--- INPUT Enclosed Below ---

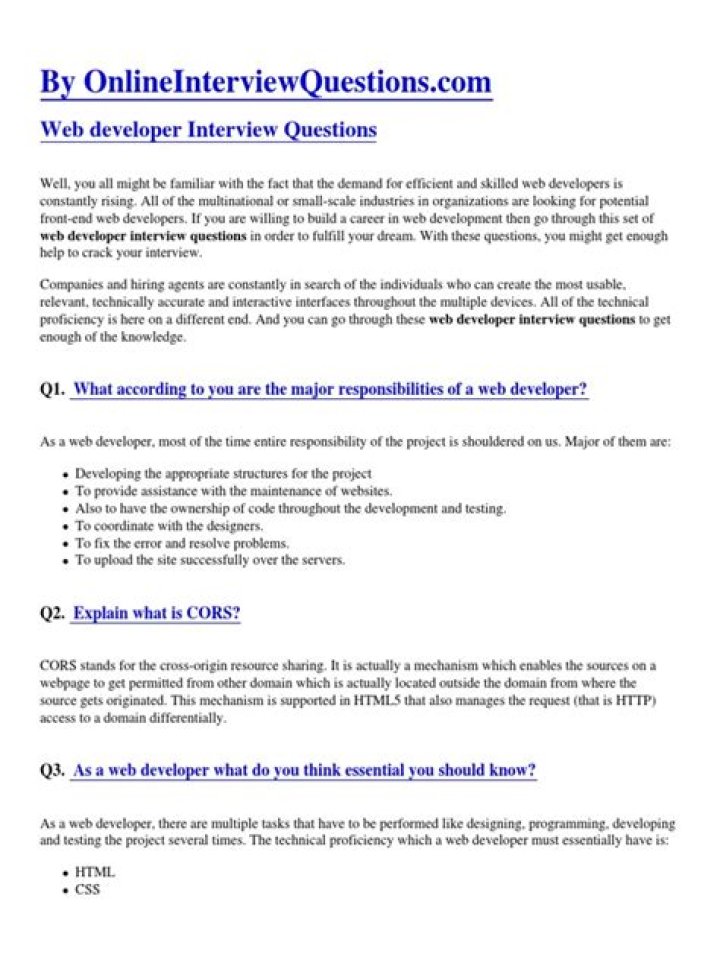 Web Developer Interview Questions PDF – Top 50 Must-Know Answers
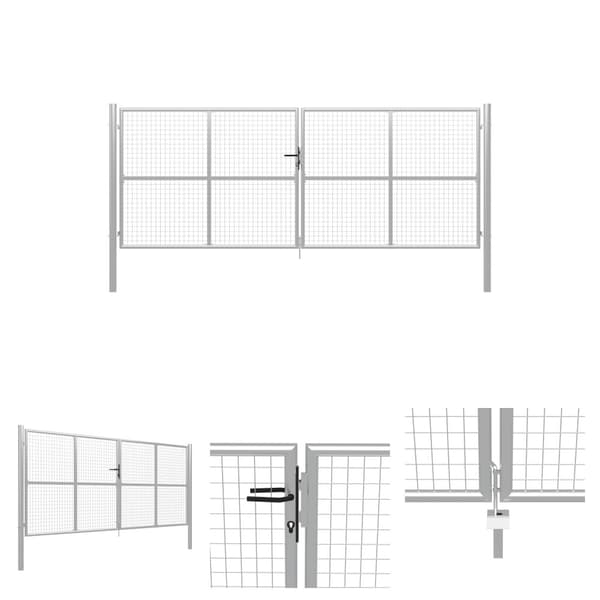 The Living Store Puutarhaportti galvanoitu teräs 415x200 cm hopea -  Portit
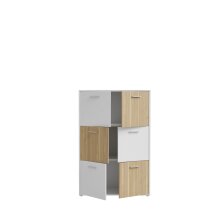 Highboard >QUADRO 2< mit 6 Türen, in Weiss / Lamela Eiche Dekor - 93,5x139,9x40cm (BxHxT)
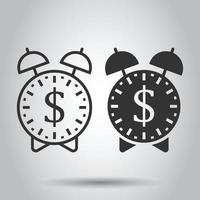 Time is money icon in flat style. Clock with dollar vector illustration on white isolated background. Currency business concept.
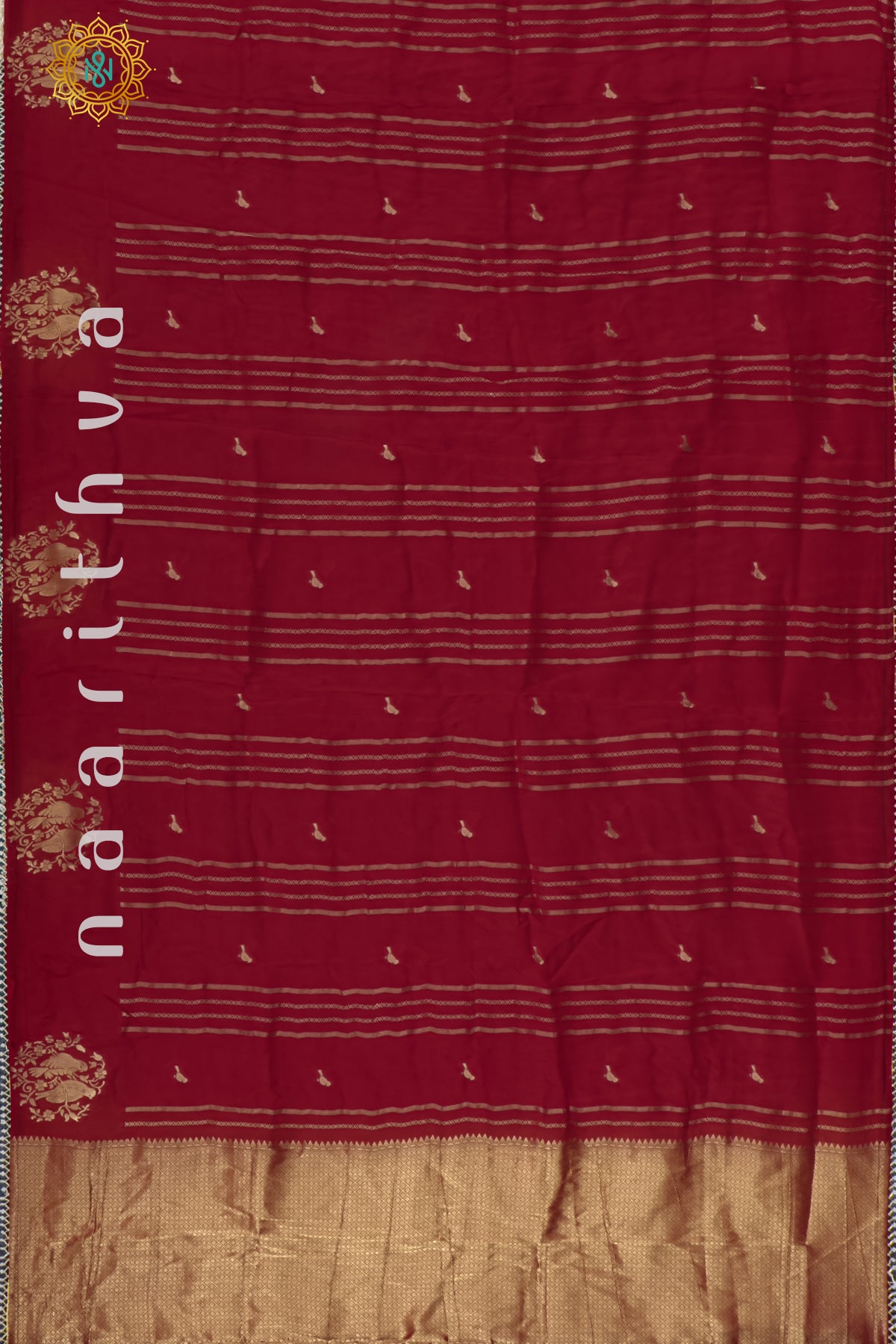 RED WITH BOTTLE GREEN - DOLA SILK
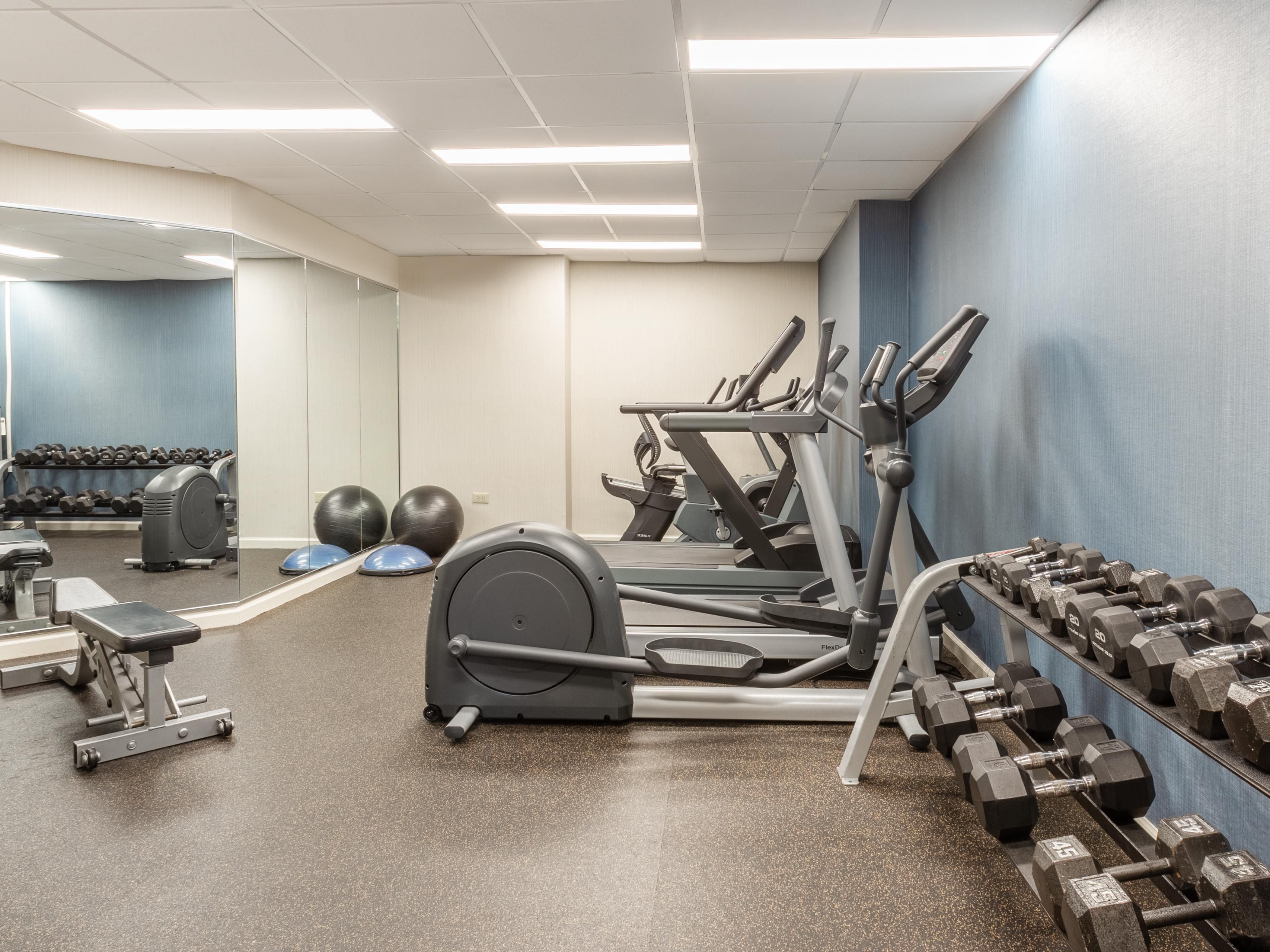 Stay active and energized in our 24-hour Fitness Center. If you prefer a cardio workout, hop on one of our treadmills or elliptical machines. Or utilize our free weights for a strength training session. Whatever you like to do, our facility is fully equipped to offer you a satisfying workout anytime, night or day.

--- End of Enclosed INPUT ---

EXERCISE REQUIREMENTS → Every entry belongs in the answer exactly as written, but no picture does.

WRITTEN ANSWER →
 Web Developer Interview Questions PDF – Top 50 Must-Know Answers
 The Living Store Puutarhaportti galvanoitu teräs 415x200 cm hopea -  Portit
 Highboard >QUADRO 2< mit 6 Türen, in Weiss / Lamela Eiche Dekor - 93,5x139,9x40cm (BxHxT)
 Time is money icon in flat style. Clock with dollar vector illustration on white isolated background. Currency business concept.
 RED WITH BOTTLE GREEN - DOLA SILK
 Stay active and energized in our 24-hour Fitness Center. If you prefer a cardio workout, hop on one of our treadmills or elliptical machines. Or utilize our free weights for a strength training session. Whatever you like to do, our facility is fully equipped to offer you a satisfying workout anytime, night or day.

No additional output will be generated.